La tutela possessoria accordata dal Pretore con la sentenza n. 63/86 atteneva, invero, essenzialmente, all’uso del bene, specie in taluni periodi dell’anno, per finalità religiose, ma non accordava al possessore alcun diritto reale o obbligatorio rispetto al bene di cui si discute; con la conseguenza che nei confronti di detto possessore non era configurabile una posizione legittimante la richiesta del titolo edificatorio ai sensi dell’art. 4 della legge n. 10 del 28 gennaio 1977.

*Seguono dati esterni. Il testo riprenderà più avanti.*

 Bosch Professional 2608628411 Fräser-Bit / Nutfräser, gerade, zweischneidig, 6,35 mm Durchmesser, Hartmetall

Tale norma prevede, infatti, che “la concessione è data dal sindaco al proprietario dell’area o a chi abbia titolo per richiederla”; ma deve trattarsi di un titolo fondato su un diritto reale, anche di servitù, o almeno su un diritto obbligatorio (es., locazione), che accordi al richiedente disponibilità del bene immobile e la potestà edificatoria, mentre una semplice relazione di fatto, ancorché tutelata, quale quella legata al possesso  nella specie riconosciuto, non appare tale da conferire il diritto a vedersi rilasciato il titolo concessorio o, come nella specie, quello autorizzatorio; tantopiù che nella specie le potestà che si riconnettono al rilascio del contestato titolo edificatorio si scontrano con la volontà del legittimo proprietario dei beni di cui si tratta, pure richiedente il rilascio di analogo titolo.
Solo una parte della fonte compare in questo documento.